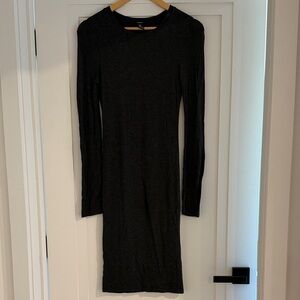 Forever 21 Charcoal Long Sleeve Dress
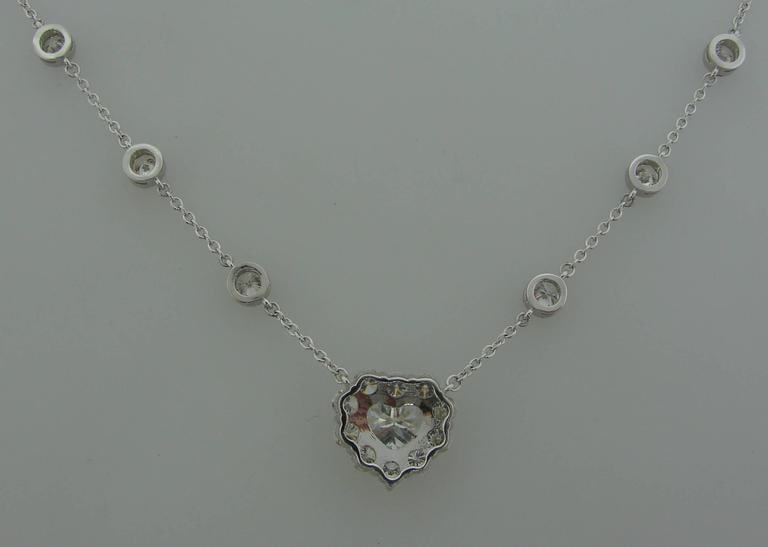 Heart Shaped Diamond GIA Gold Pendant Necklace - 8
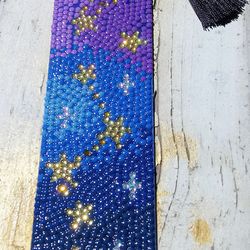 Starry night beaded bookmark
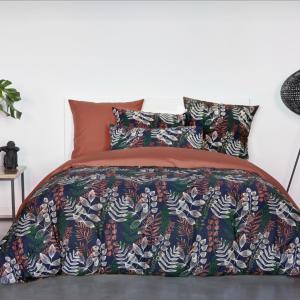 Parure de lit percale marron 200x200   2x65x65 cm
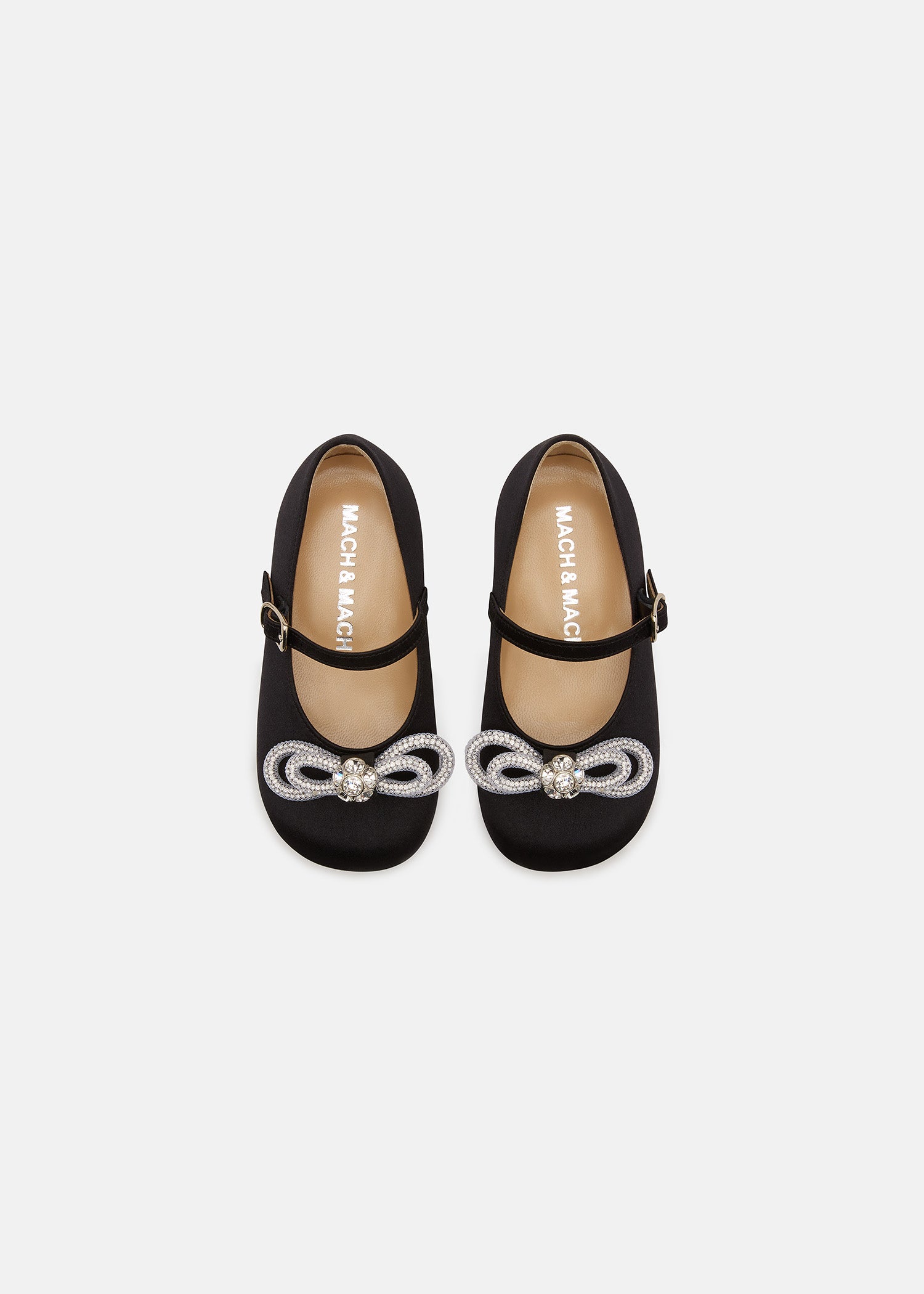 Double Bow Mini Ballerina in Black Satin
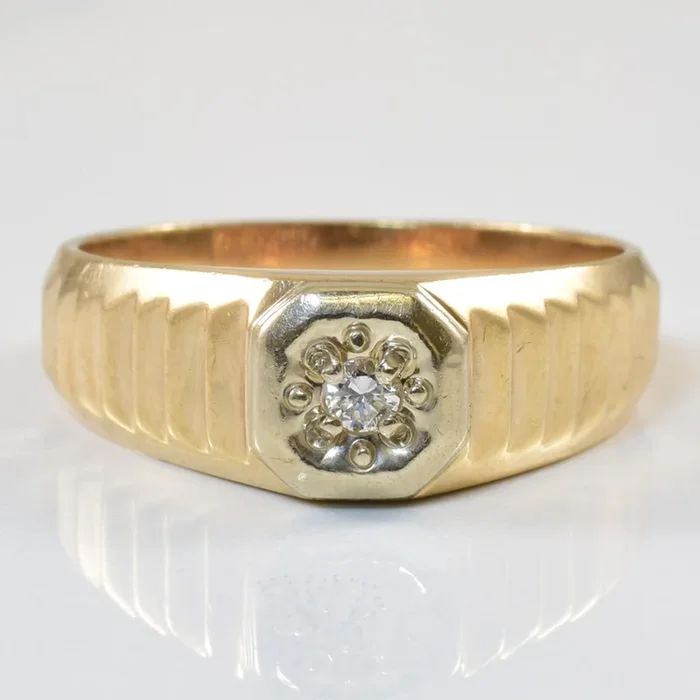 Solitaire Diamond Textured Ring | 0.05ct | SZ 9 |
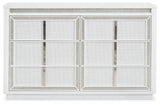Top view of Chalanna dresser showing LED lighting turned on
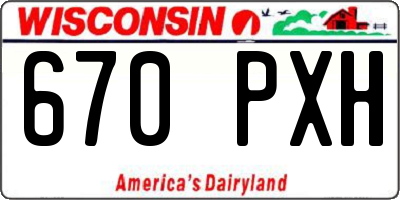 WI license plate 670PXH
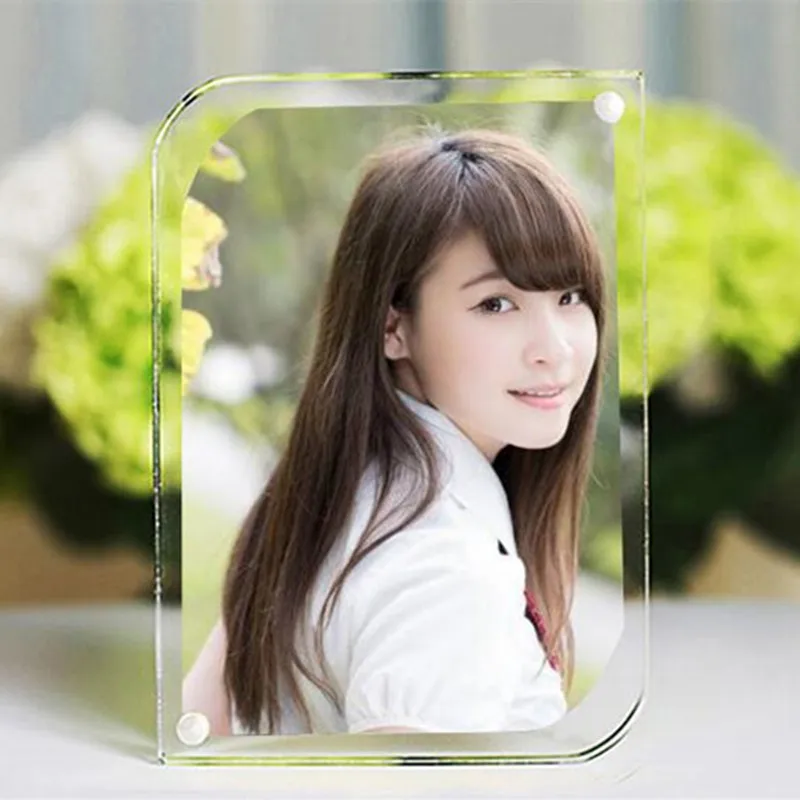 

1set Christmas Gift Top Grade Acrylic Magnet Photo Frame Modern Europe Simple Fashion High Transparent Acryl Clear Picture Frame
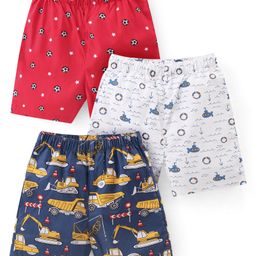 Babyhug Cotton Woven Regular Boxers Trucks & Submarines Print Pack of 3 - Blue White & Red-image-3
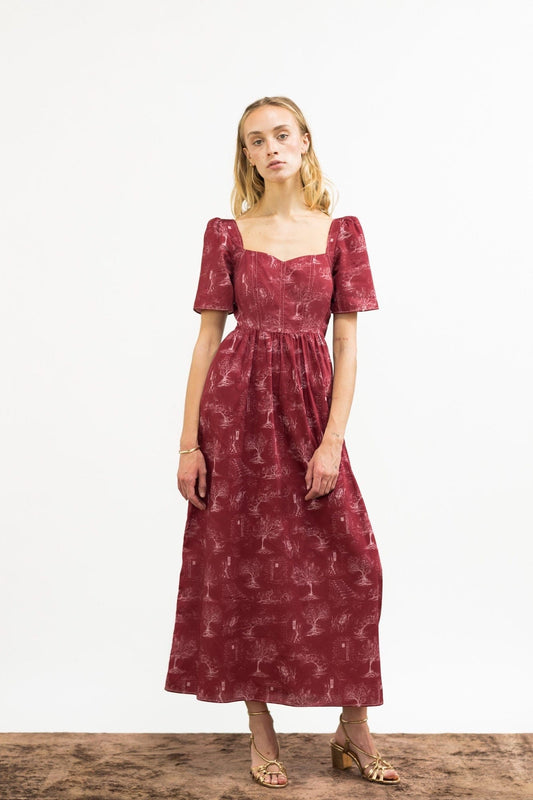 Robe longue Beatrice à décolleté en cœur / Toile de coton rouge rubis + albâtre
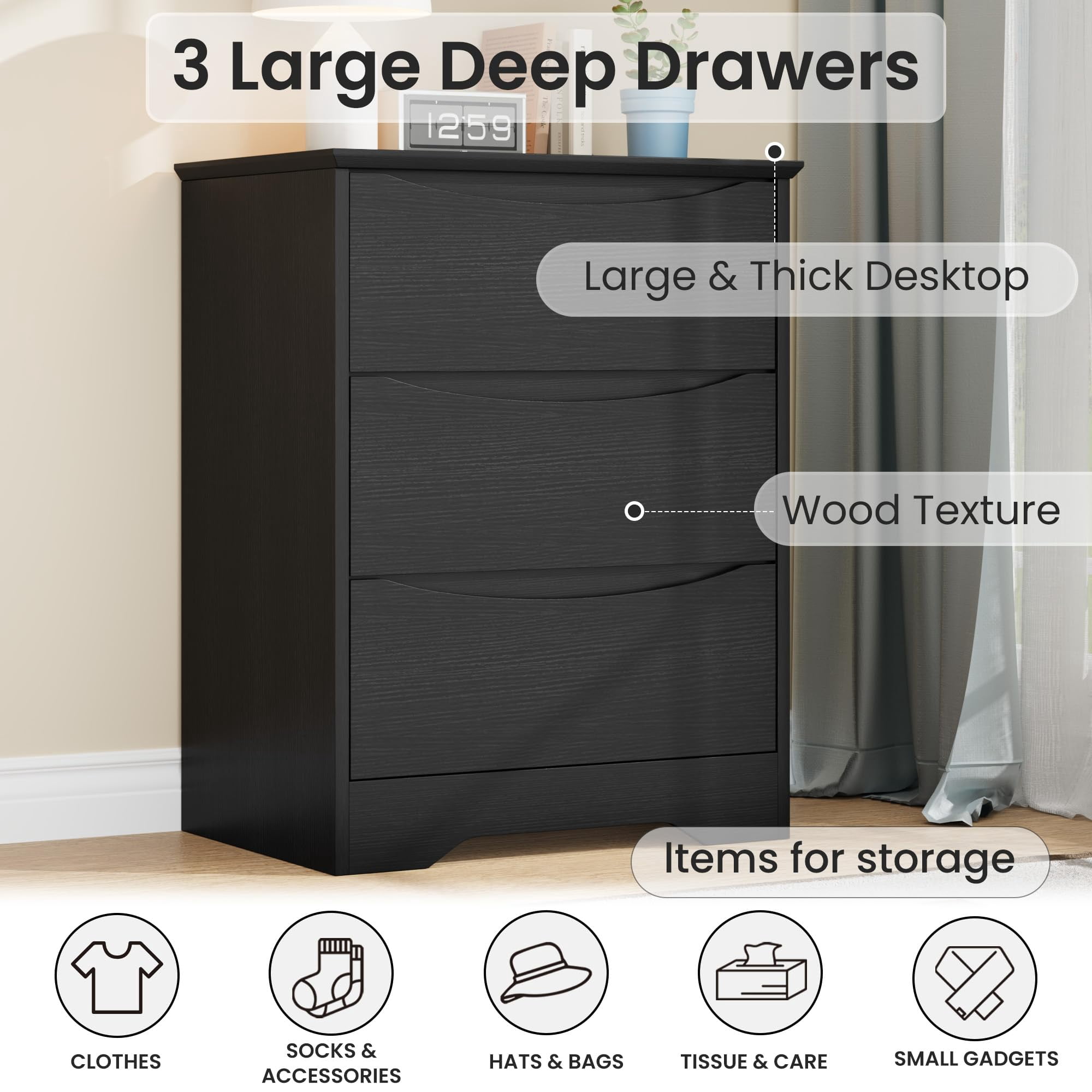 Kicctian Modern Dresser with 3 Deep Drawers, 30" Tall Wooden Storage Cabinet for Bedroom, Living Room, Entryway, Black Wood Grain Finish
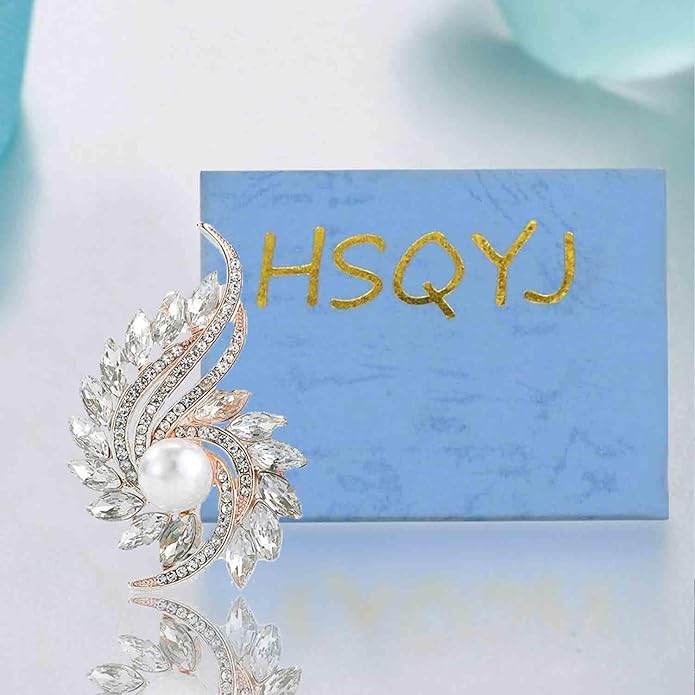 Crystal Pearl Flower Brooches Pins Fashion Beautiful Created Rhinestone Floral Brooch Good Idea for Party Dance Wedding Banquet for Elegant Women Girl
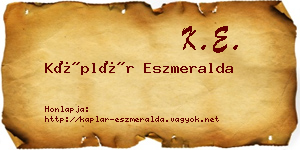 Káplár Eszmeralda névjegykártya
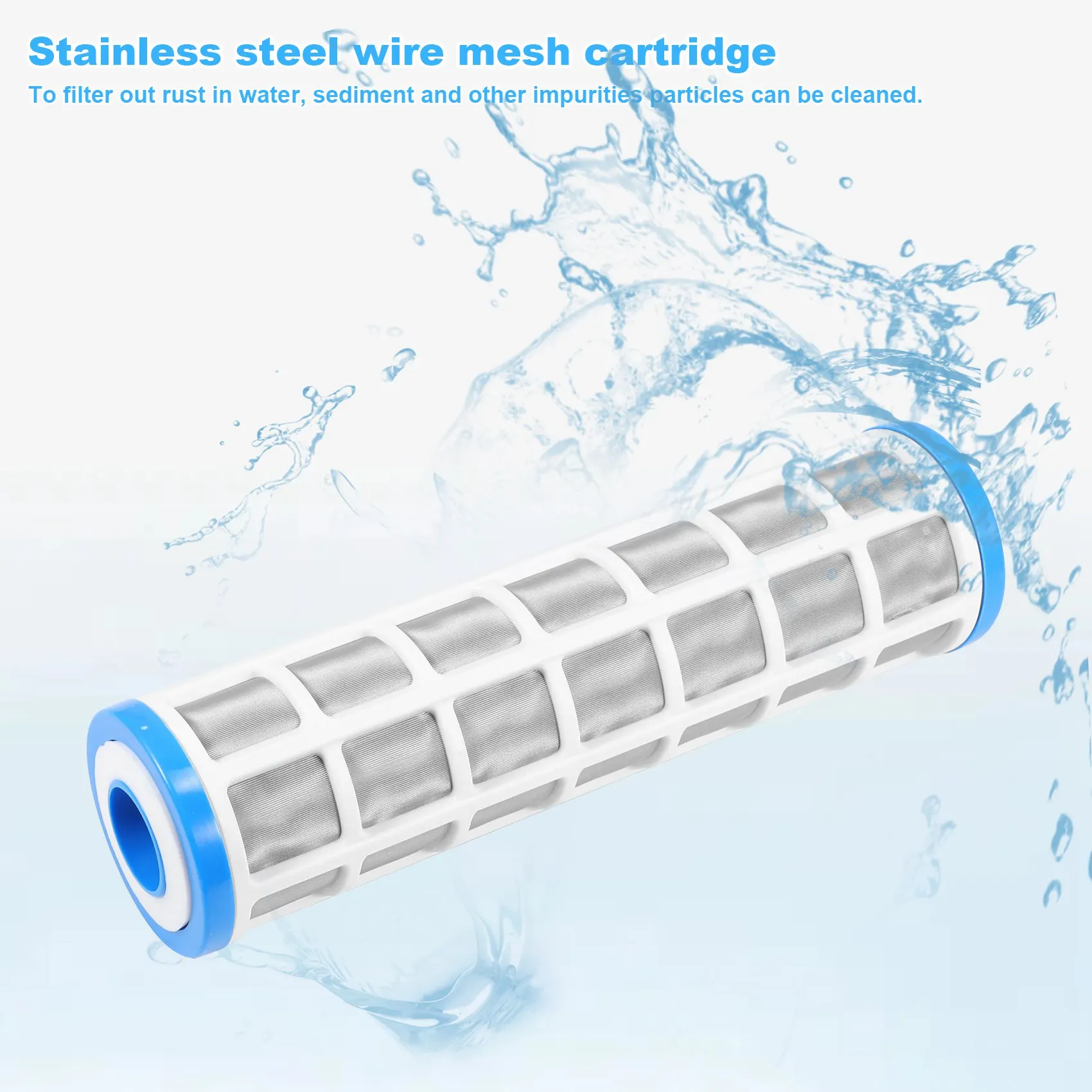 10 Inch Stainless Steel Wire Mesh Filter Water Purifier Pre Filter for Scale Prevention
--
*YOUR GOAL*: Once the line with "Heart Shaped Diamond" is found above, print it and every line after it through the line with "Babyhug Cotton Woven", exactly. Pictures stay out.

*TASK RESULT*:
 Heart Shaped Diamond GIA Gold Pendant Necklace - 8
 Starry night beaded bookmark
 Parure de lit percale marron 200x200   2x65x65 cm
 Double Bow Mini Ballerina in Black Satin
 Solitaire Diamond Textured Ring | 0.05ct | SZ 9 |
Top view of Chalanna dresser showing LED lighting turned on
 WI license plate 670PXH

1set Christmas Gift Top Grade Acrylic Magnet Photo Frame Modern Europe Simple Fashion High Transparent Acryl Clear Picture Frame
 Babyhug Cotton Woven Regular Boxers Trucks & Submarines Print Pack of 3 - Blue White & Red-image-3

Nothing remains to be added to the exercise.